These integrals are known as the Borwein Integrals, found by David and Johnathan Borwein in Some remarkable properties of sinc and related integrals (2001).

According to wikipedia, if we have a sequence of nonzero reals $a_0,a_1,...,a_n$, we may evaluate $$\int_0^\infty \prod_{k=0}^{n}\frac{\sin a_k x}{a_kx}dx=\frac{\pi}{2a_0}C_n,$$ where $$C_n=\frac{1}{2^nn!\prod_{k=1}^{n}a_k}\sum_{\gamma\in\{\pm1\}^n}\varepsilon_\gamma b_\gamma^n\text{ sgn}(b_\gamma),$$ $$\gamma=(\gamma_1,\gamma_2,...,\gamma_n)\in\{-1,1\}^n,\qquad \varepsilon_\gamma=\gamma_1\gamma_2\cdots\gamma_n,$$ and $$b_\gamma=a_0+a_1\gamma_1+a_2\gamma_2+\dots+a_n\gamma_n.$$ Then, apparently, when $a_0>|a_1|+|a_2|+\dots+|a_n|,$ we have $C_n=1$. I am not sure how this follows from the explicit evaluation, but I'll update when I find out.

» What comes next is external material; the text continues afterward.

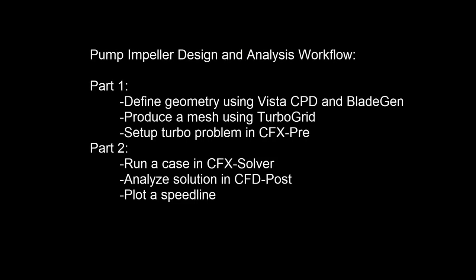In this demonstration, you'll learn how to use ANSYS Turbo System to design and analyze a pump impeller's geometry.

Anyway, taking $a_k=\frac1{2k+1}$ and $J_n=\int_0^\infty\prod_{k=0}^{n}\sin(a_kx)/(a_kx)\, dx$, we get $$J_1=\frac\pi2\cdot\frac{1}{2\cdot\tfrac13}\left(\frac43-\frac23\right)=\frac\pi2,$$ $$J_2=\frac\pi2\cdot\frac1{2^2\cdot2\cdot\tfrac13\tfrac15}\left(\left(\frac{23}{15}\right)^2-\left(\frac{17}{15}\right)^2-\left(\frac{13}{15}\right)^2+\left(\frac{7}{15}\right)^2\right)=\frac\pi2,$$ and so on. As you can see, there are $2^n$ terms for $J_n$, and I don't wanna have to write out anymore of them.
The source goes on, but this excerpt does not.